113 Methodist Church in Forfar, Bastard township (Con. 3, Lot 27), a red brick building constructed in 1879, its tower terminating in the Mansard roof of the Second Empire style popular in Canada in the 1870s.

114 Methodist Church in Eastons Corners, Wolford township. Built of yellow brick, it combines Gothic Revival windows and a Second Empire Mansard roof on the tower.

As might be expected the interiors of the small rural churches were usually quite simple and unadorned; however, elaborate ceiling designs were found in some, notably St. John's in Oxford Mills (Fig. 115) and Holy Trinity Church in North Gower (Fig. 116), here examples can be seen of exposed wood ceiling structures reminiscent of the elaborate wood ceilings of the mediaeval parish churches of England. Most outstanding of the Gothic interior designs in St. Edward's Church in Westport (Fig. 117), whose slender, beautiful vaulting is the more remarkable inasmuch as it was erected in 1852.

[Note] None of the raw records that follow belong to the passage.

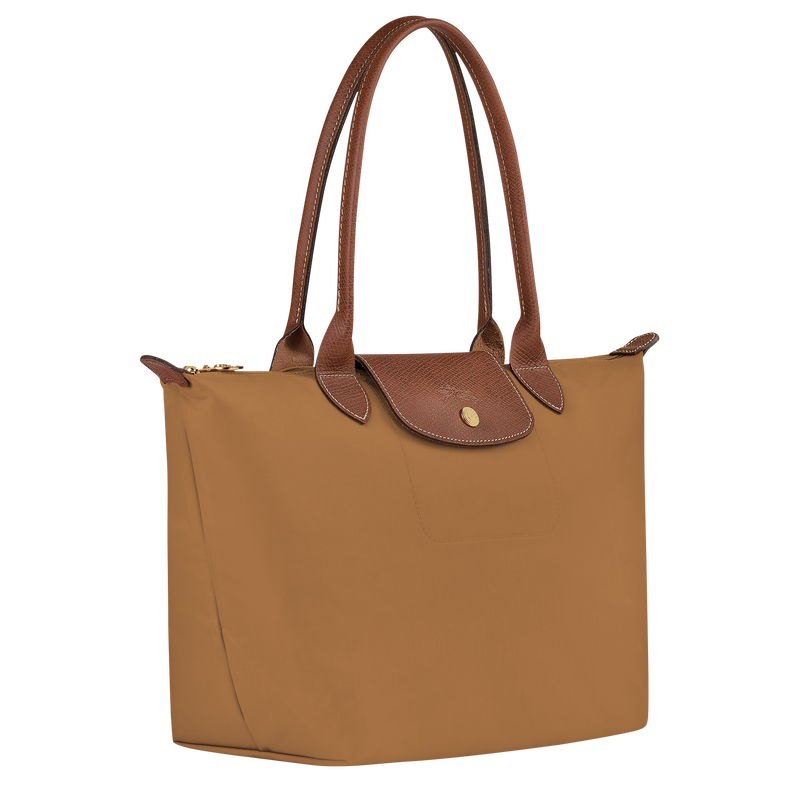 Longchamp Le Pliage Original Bolso de hombro M Lona reciclada - Ante Liquidación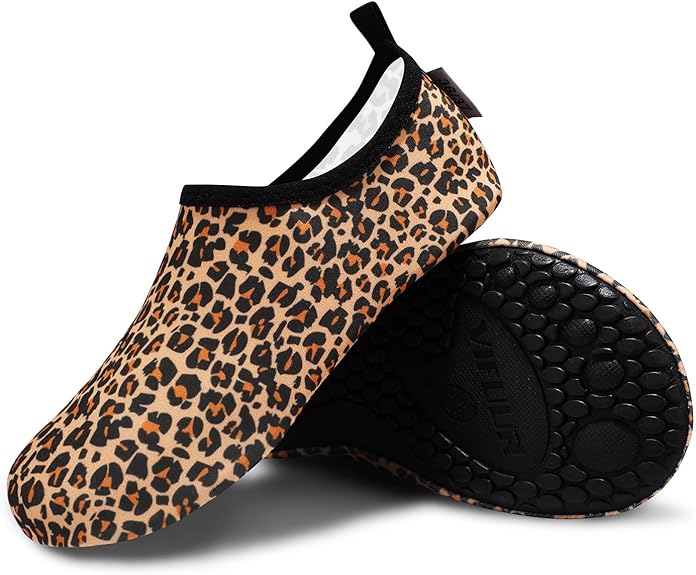 VIFUUR Water Sports Shoes for Male & Female – Leopard Orange - Image 3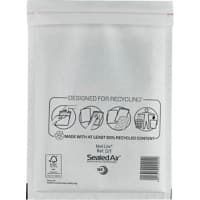 Mail Lite Luftpolster Versandtaschen 79 g/m² D/1 180 (B) x 260 (H) mm Ohne Fenster Peel and Seal Weiß 100 Stück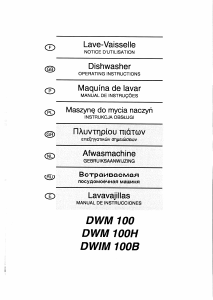 Mode d’emploi Brandt DWM100H Lave-vaisselle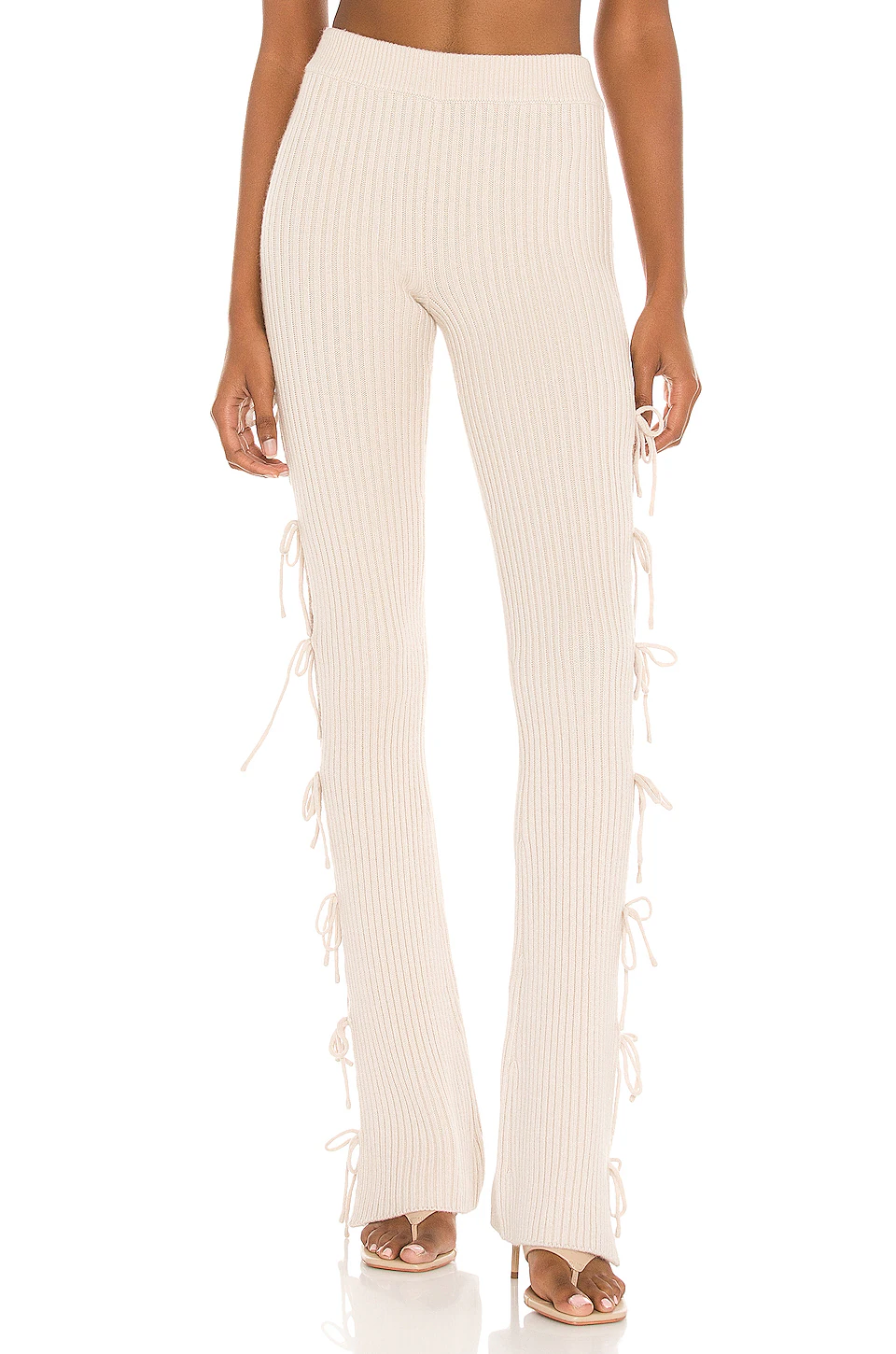 Rib Knit Tie Pant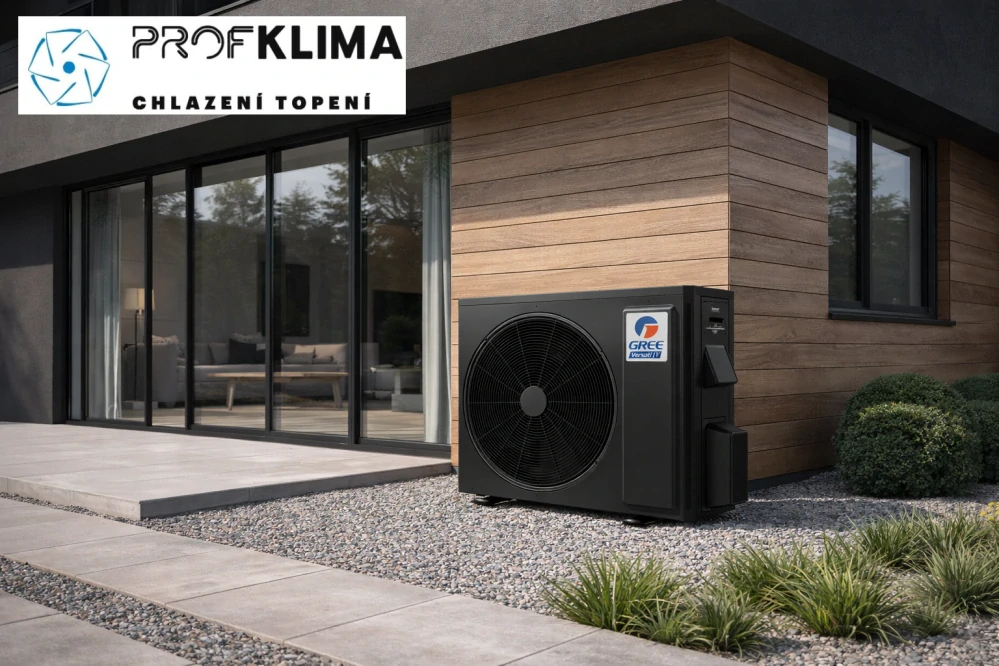 Tepelné čerpadlo GREE Versati IV 10,0kW včetně Wi-fi a LOXONE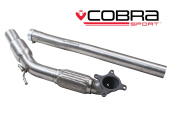 COBRA-AU10 Audi A3 (8P) 2.0 TFSI 2WD (3 & 5-dörrars) 04-12 Frontpipe & Sportkatalysator (200 Cell) Cobra Sport (2)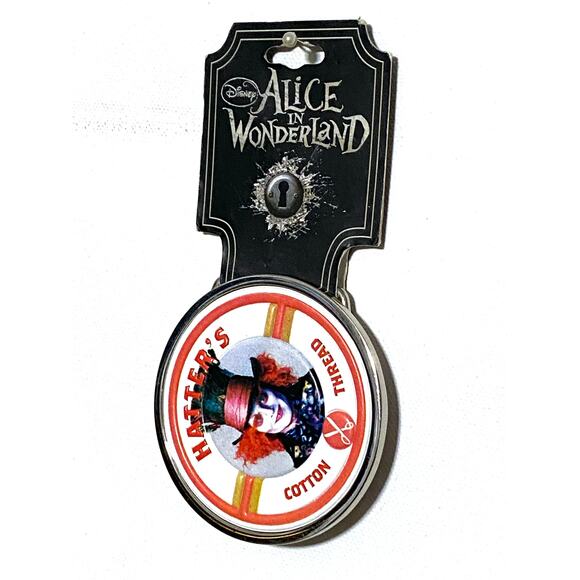 Disney Accessories - Disney Alice In Wonderland Mad Hatters Cotton Thread Johhny Depp Belt Buckle NWT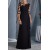Lace Chiffon Long Black Mother of The Bride Dresses 602166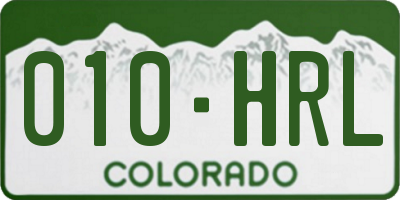 CO license plate 010HRL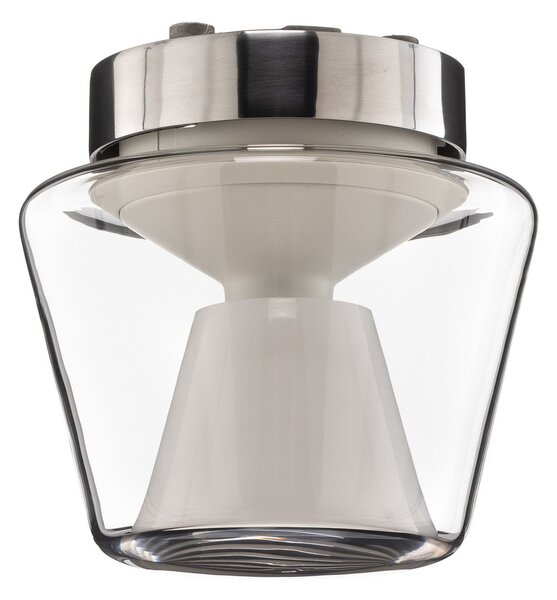 Stropné Lampa Serien Lighting, Annex S, stmievateľné, Transparentná, Obývacia izba, Sklo, Dizajnový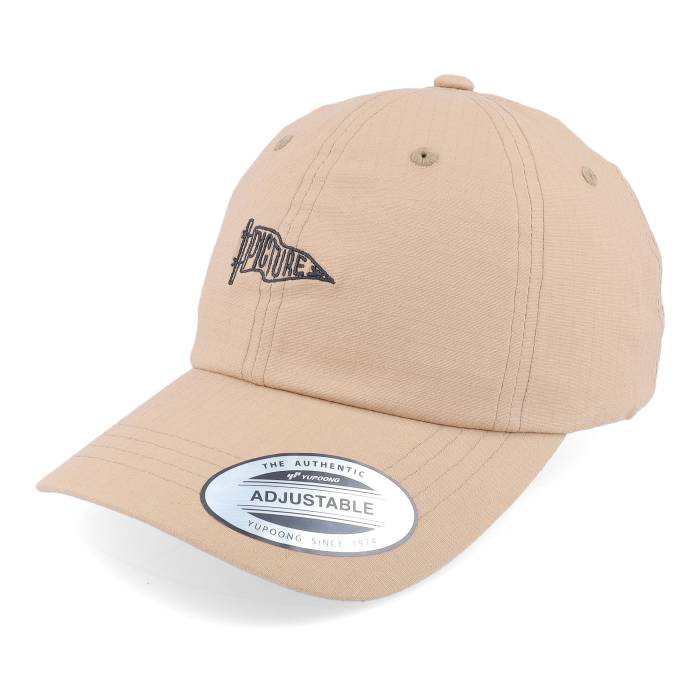 Picture 【 Paxston Soft B Dark Stone Dad Cap Men Beige 】 キャップ 帽子 メンズ ベージュ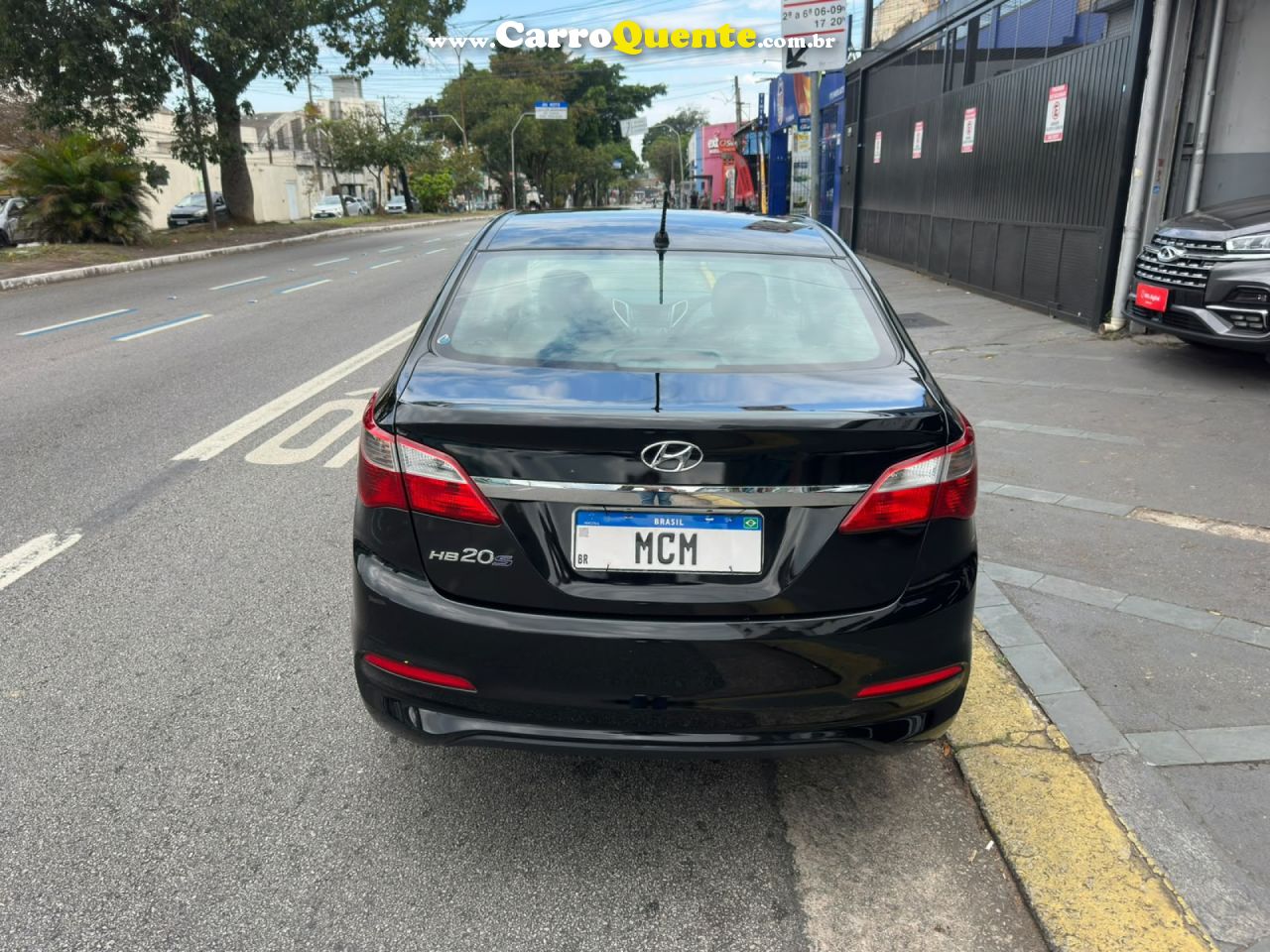 HYUNDAI   HB20S COMFORT PLUS 1.0 TB FLEX 12V MEC.   VERMELHO 2018 1.0 FLEX - Loja
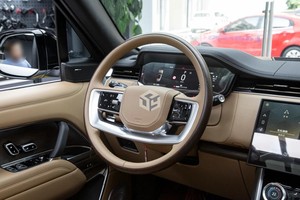 Volant personnalisé <span class=keywords><strong>marron</strong></span> + noir de haute qualité pour <span class=keywords><strong>Range</strong></span> <span class=keywords><strong>Rover</strong></span> Vogue 2023 + accessoires intérieurs de volant - Product Image 6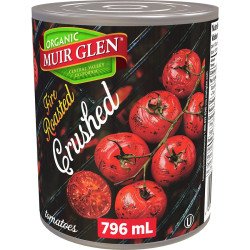 Muir Glen Organic Fire Roasted Crushed Tomatoes 796 ml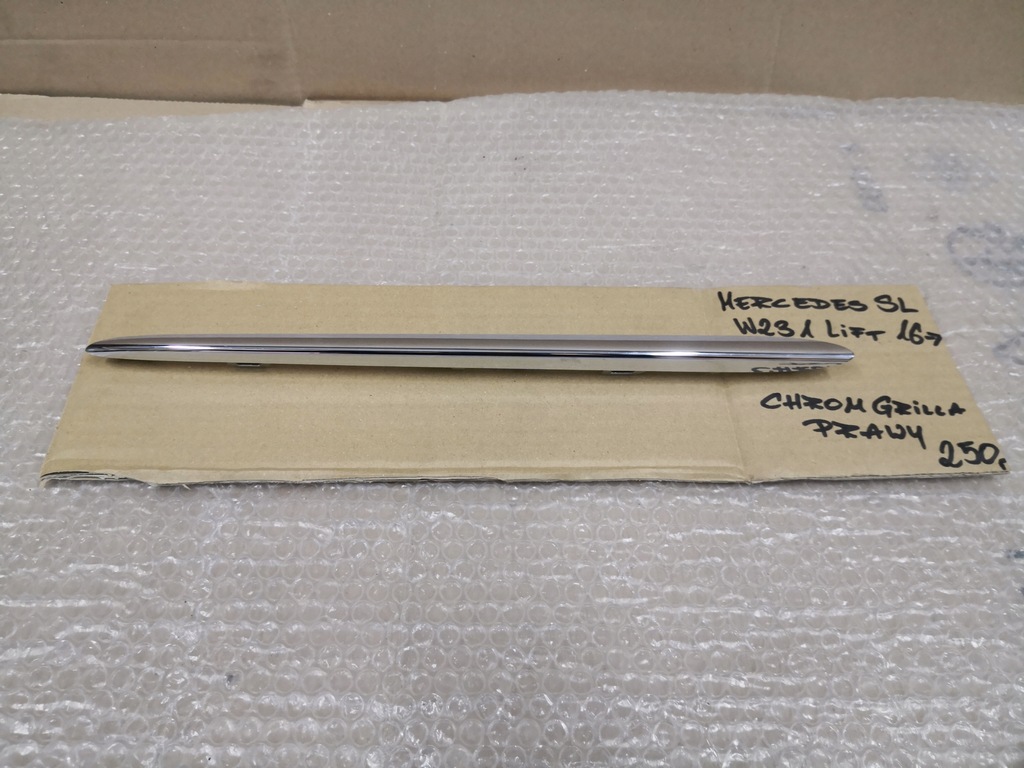 фото №9, Mercedes sl w231 lift 16- хром правий решітка радіатора молдинг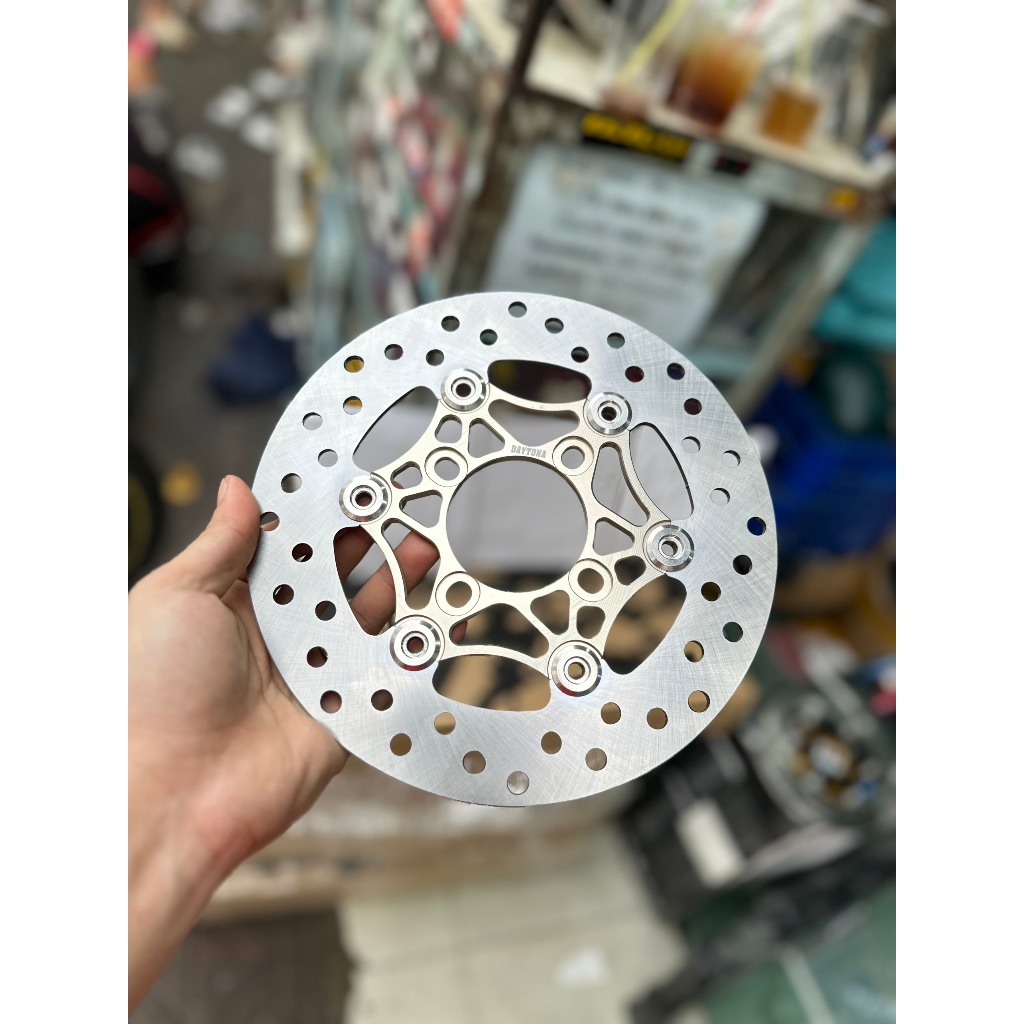 Đĩa thắng Daytona 220mm Lòng nhôm Khoen inox 304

115 The scissors truss ceiling of St. John the Evangelist Church in Oxford Mills, Oxford township (see also Fig. 110).

116 Hammer beam ceiling in the Holy Trinity Church in North Gower, North Gower township, a centre-towered stone church erected in 1879.

117 Tall vaulted ceiling of St. Edward's Catholic Church in Westport (see also Fig. 103).

Regardless of design inside or out, of fabric or location, all of these early churches of the Rideau Corridor bear witness to the devotion and determination of the pioneers. Faced, as most were, with an almost daily struggle for survival they nonetheless overlooked doctrinal differences and found the time and devoted the energy to erecting tangible and lasting symbols of their faith.